Buck, though, has not received a retrial and is scheduled to die Sept. 15 for the 1995 shooting deaths of Debra Gardner and Kenneth Butler. Today, Buck's lawyers asked Gov. Rick Perry and the Texas Board of Pardons and Paroles to stop the scheduled execution to allow a new trial without racial references.
“If Mr. Buck is executed, not only will Texas have violated the constitution, it will have violated its citizens’ basic moral values by permitting an execution to be carried out that is based on an individual’s race,” Kate Black, a lawyer for Buck, said in a statement.
In 2000, then-Attorney General John Cornyn admitted the state had erred in seven death row cases — including Buck's — in which prosecutors elicited testimony from Quijano indicating that their racial or ethnic background made them more inclined to commit more violent crimes.

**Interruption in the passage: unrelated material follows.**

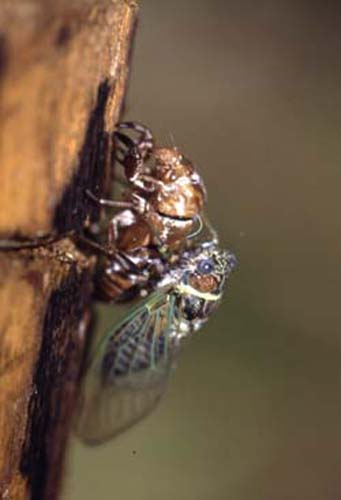 Metamorfosi di Cicala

In the case of Victor Hugo Saldano, an Argentinian, Cornyn filed a petition with the U.S. Supreme Court in which he acknowledged the state’s mistake and agreed a new sentencing trial was needed. “Despite the fact that sufficient proper evidence was submitted to the jury to justify the finding of Saldano’s future dangerousness, the infusion of race as a factor for the jury to weigh in making its determination violated his constitutional right to be sentenced without regard to the color of his skin,” Cornyn wrote.
Saldano remains on death row after the Texas Court of Criminal Appeals reaffirmed his sentence. The other inmates — except one who has been executed — also remain on death row.
Cornyn’s office did not immediately respond to a request for comment on the Buck case.
Buck’s lawyers said that he has not received a new trial because of procedural stumbling blocks, and they asked Perry and the board to commute his sentence or grant a 120-day reprieve. “The State of Texas cannot and should not tolerate an execution on the basis of an individual’s race, particularly where this State’s highest legal officer has acknowledged the error, not only in similarly situated cases, but in this case,” they wrote in the petition filed today.
Abbott’s office did not immediately provide comment, but Roe Wilson, an assistant district attorney in Harris County, said that office would not intervene. “We are proceeding with this case as we would normally with any case,” she said.